私が考える「本物のプロ講師」とは、以下の条件を満たす人物です。
- 大手進学塾のカリキュラムを熟知していること:SAPIXや日能研など、お子さんが通っている塾のテキストや進度、テストの傾向を把握しており、その塾の特長を最大限に生かした学習計画を立てられること。
- 「診断力」があること:単に解法を教えるだけでなく、お子さんが「なぜ間違えたのか」「どの段階でつまずいているのか」を見抜き、その子の性格や癖に合わせて指導法を変えられること。
- 親御さんに説明できること:授業の内容や子供の状況について、論理的に親御さんに説明できるコミュニケーション能力があること。
単に「解法をたくさん知っている」だけでは不十分です。お子さん一人ひとりに合わせて最適化(カスタマイズ)できる技術こそが、プロの条件なのです。
2. 失敗しない家庭教師選び・鉄則の「6か条」
では、数ある家庭教師派遣センターの中から、信頼できる業者や先生をどう見分ければよいのでしょうか。私が推奨する「見分け方・6か条」をご紹介します。
その1:所属講師が「中学受験のプロ」であること
前述の通り、中学受験は特殊な世界です。高校受験や大学受験のノウハウは通用しません。各塾の内情や最新の入試トレンドを共有し、研究している集団であるかを確認してください。
その2:体験授業が必ず受けられること
「入会してから講師を決めます」という業者は論外です。契約前に必ず講師の紹介があり、その講師での体験授業が受けられる業者を選びましょう。相性は非常に重要です。
その3:保護者が授業を見られること(最重要)
ここが最大のポイントです。「授業を親御さんに見せたがらない講師」は避けてください。 密室での指導は、講師がサボったり、子供と無駄話をしたりする温床になります。「子供が緊張するから」ともっともらしい理由をつける講師もいますが、自信のあるプロ講師なら、親御さんの同席を歓迎こそすれ、拒むことはありません。

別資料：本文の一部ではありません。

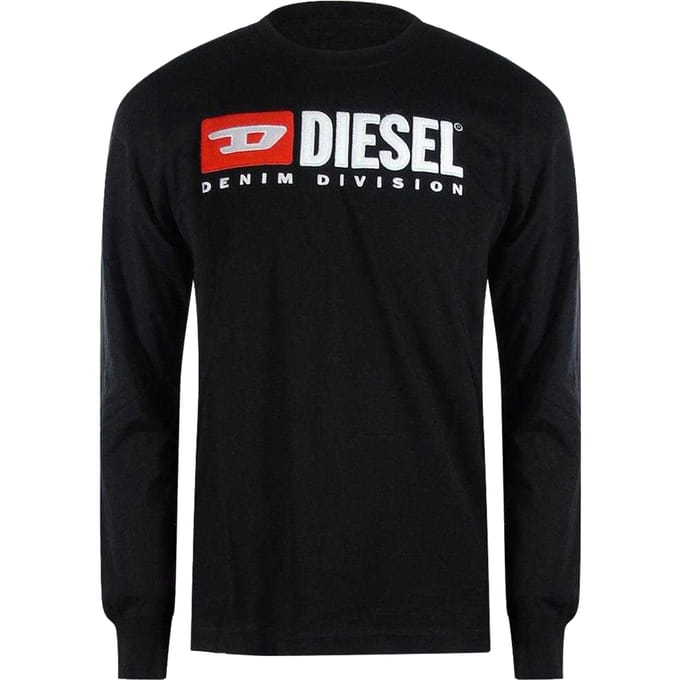 Diesel Heren Divisie Katoen T-Shirt (Zwart)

その4:体験授業と実際の担当講師が「同じ」であること
「体験授業はトップレベルの先生が行い、契約後は別の先生が来る」という手口を使う業者も存在します。体験授業で相性を確認した意味がなくなってしまいますので、必ず確認してください。
その5:講師の交代が迅速にできること
どんなに優秀な講師でも、人間同士ですから相性の問題は発生します。その際、遠慮なく、スピーディーに講師交代ができるシステムがあるかを確認しましょう。
その6:明確な契約書があること
料金体系、解約時の規定、交通費などが明記された契約書を発行する業者は最低条件です。特に高額な教材販売(ローン契約)とセットになっているような業者は、クーリングオフの対象になることもありますが、最初から避けるのが賢明です。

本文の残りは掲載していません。